Search code examples
rubyhashncbi

How can you add to a hash value instead of having it overwrite with the new value?


Basically I have these files (medline from NCBI). Each is associated with a journal title. Each has 0, 1 or more genbank identification numbers (GBIDs). I can associate the number of GBIDs per file with each journal name. My problem is that I may have more than one file associated with the same journal, and I don't know how to add the number of GBIDs per file into a total number of GBIDs per journal.

My current code: jt stands for journal title, pulled out properly from the file.

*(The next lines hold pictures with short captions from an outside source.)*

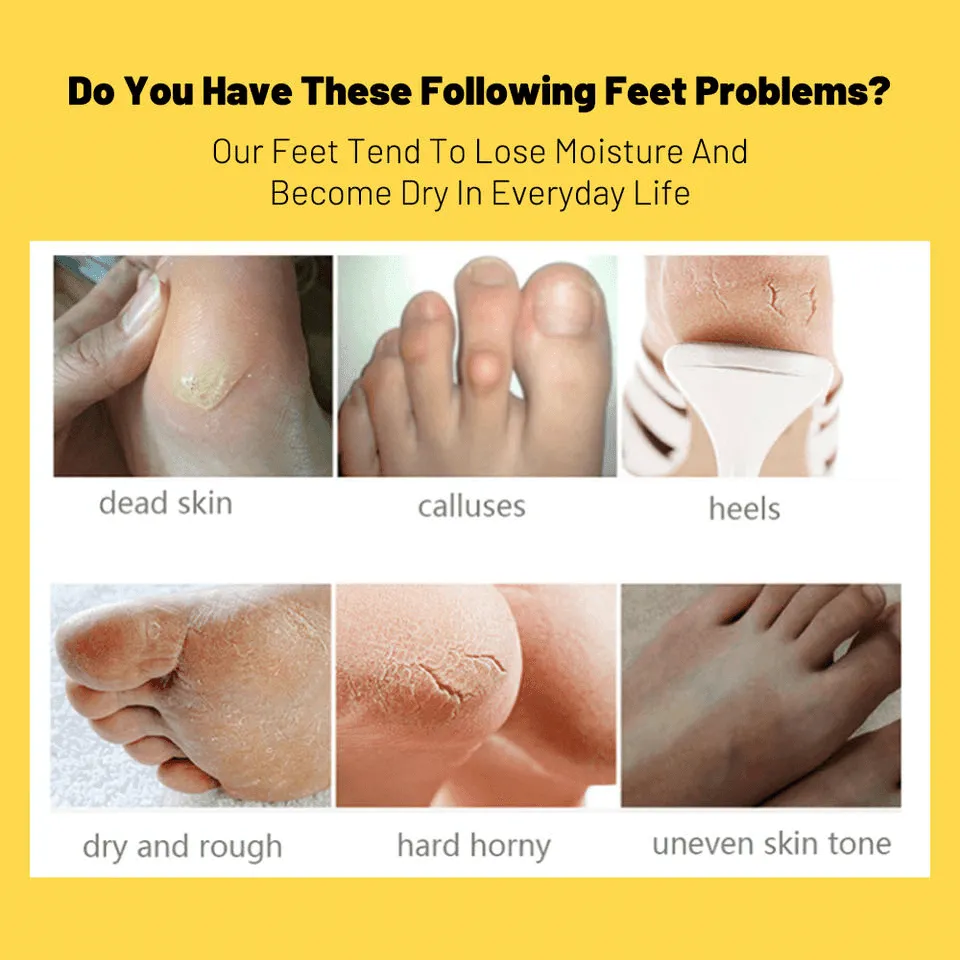 Aichun Beauty Banana Foot Peeling Mask - 40g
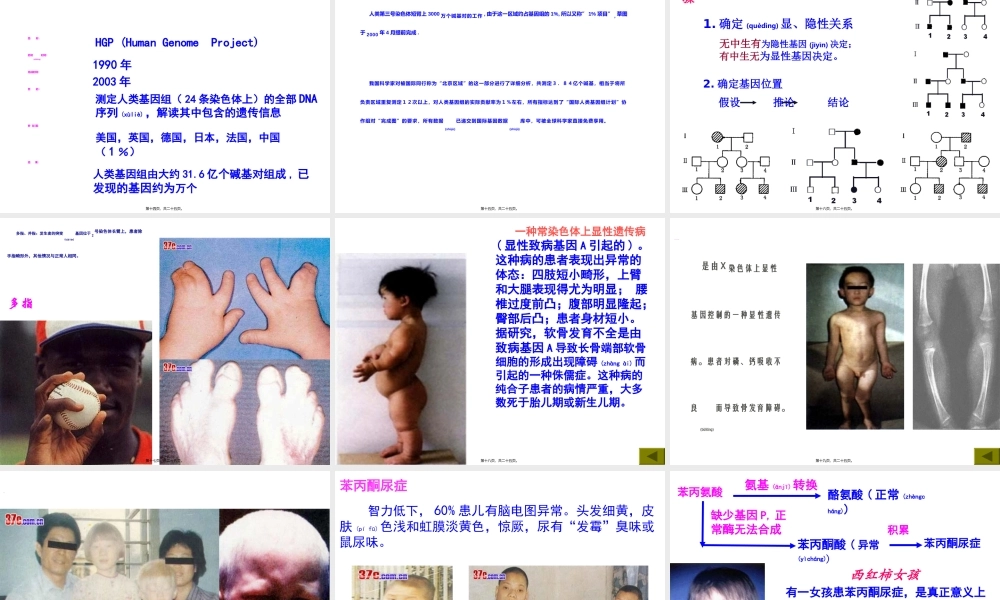 2022年医学专题—人类遗传病共张PPT.ppt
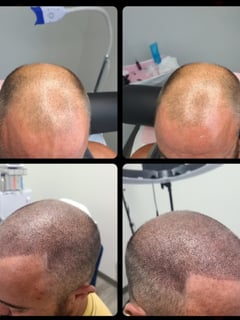 View Men's Hair, Scalp Treatment, Hair Treatments/Restoration, Hair Restoration - Josh Sandoval, West Jordan, UT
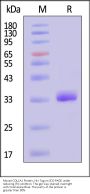 Mouse COL1A1 Protein, His Tag, low endotoxin (MALS verified)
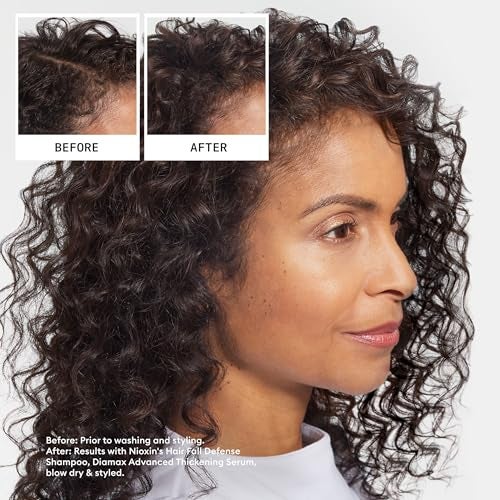 NIOXIN Hair Fall Defense Shampoo | Activates Hair Follicles for Visibly Less Hair Loss | With Niacinamide, Caffeine, Lauric Acid, and Sandalore | 8.1 Fl Oz. - Image 4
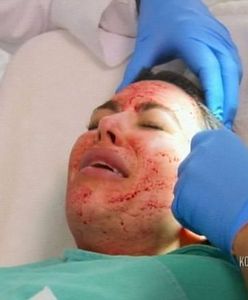 Kim Kardashian jak Krwawa Mary! Co oni robią z jej twarzą?!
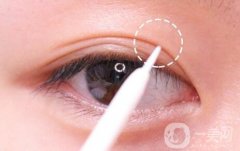 做雙眼皮手術(shù)過程是怎樣的?需要多久?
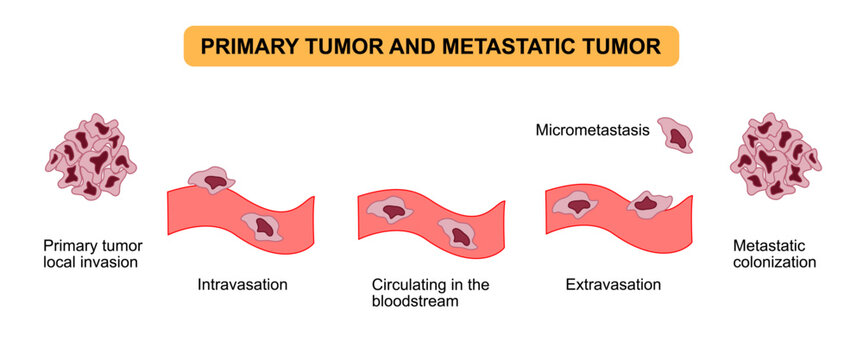Primary tumor and metastatic tumor formation diagram. Tumor cell spread in bloodstream, Intravasation and Extravasation. Vector illustration for medical, science, posters and education.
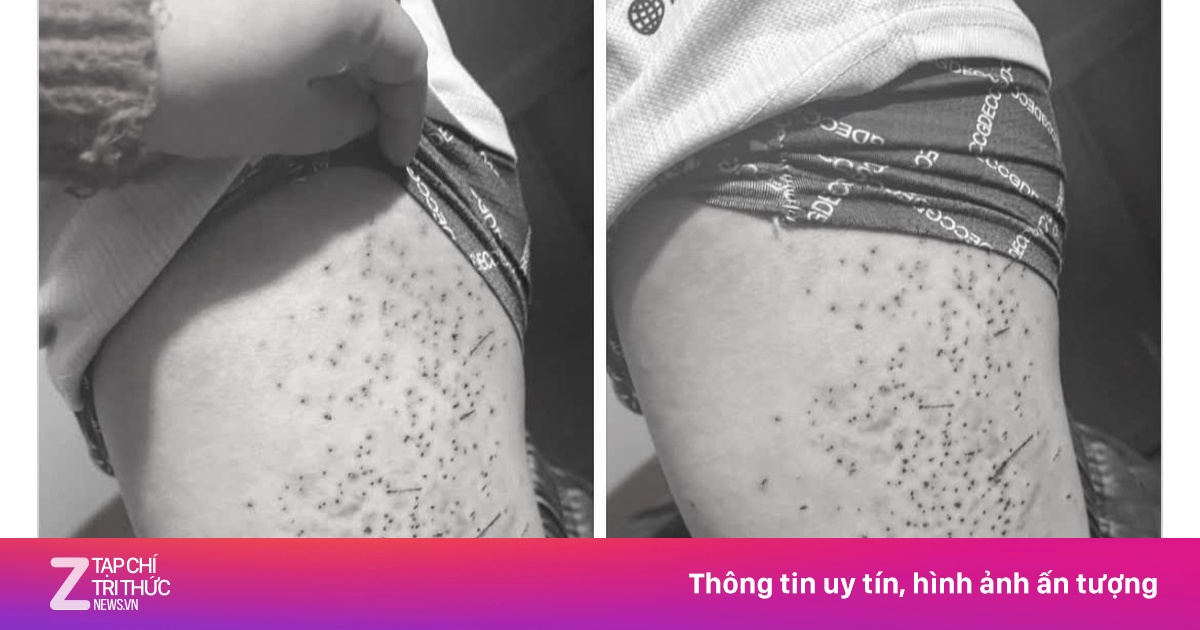 Học sinh lớp 7 bị bạn dùng bút bi đâm chi chít vào đùi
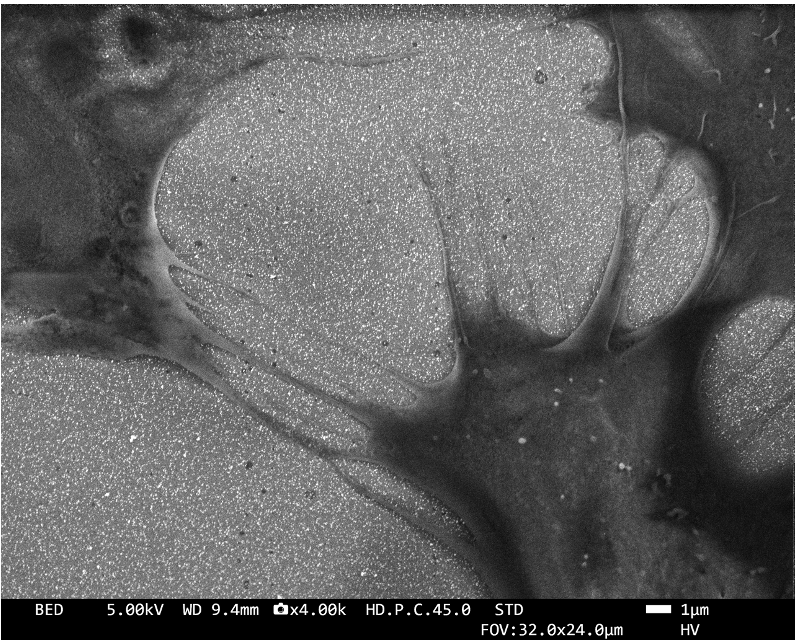 SH-SY5Y neuroblastoma cells on gold nanostars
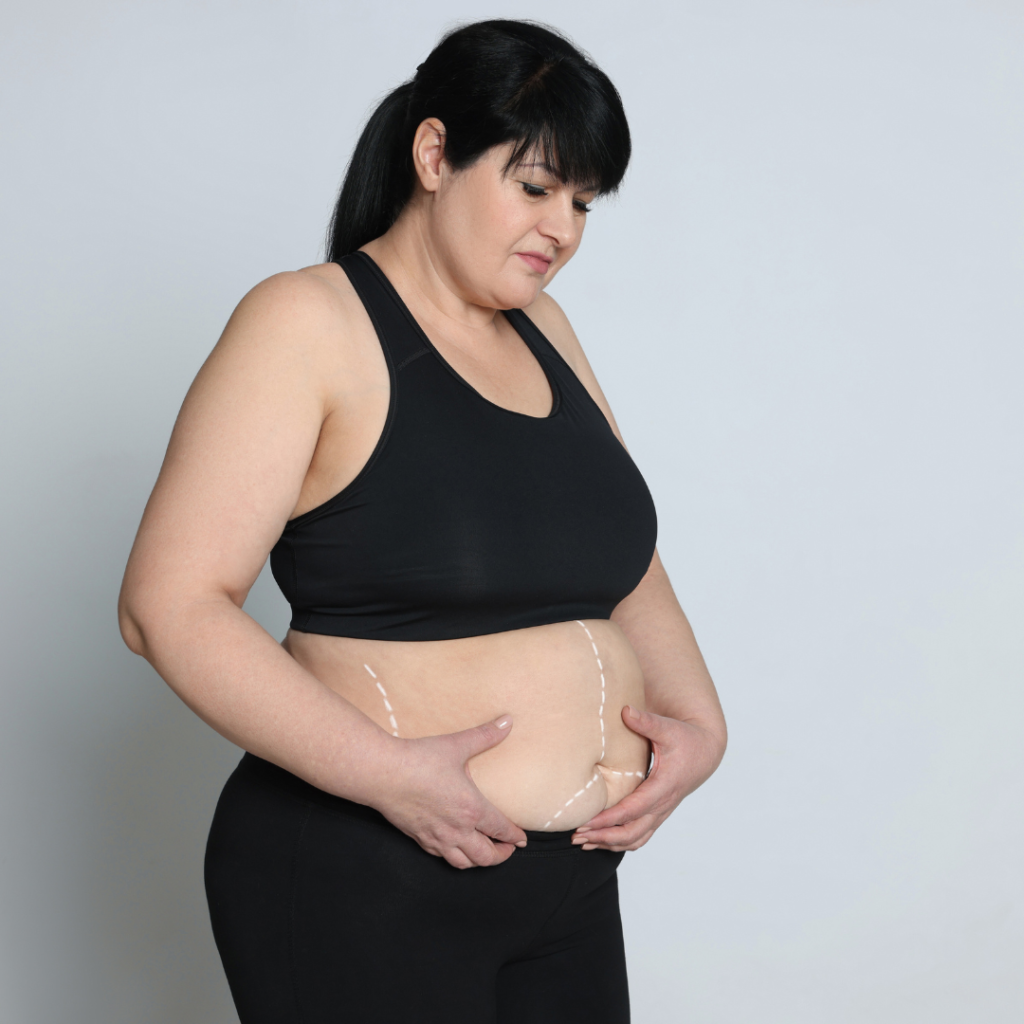 Woman after pregnancy holding loose abdominal skin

GBIDs are added to the count as encountered.

Full code:

 #!/usr/local/bin/ruby

 require 'rubygems'
 require 'bio'


Bio::NCBI.default_email = '[email protected]'

ncbi_search = Bio::NCBI::REST::ESearch.new
ncbi_fetch = Bio::NCBI::REST::EFetch.new


print "\nQuery?\s" 

query_phrase = gets.chomp

"\nYou said \"#{query_phrase}\". Searching, please wait..."

pmid_list = ncbi_search.search("pubmed", "#{query_phrase}", 0)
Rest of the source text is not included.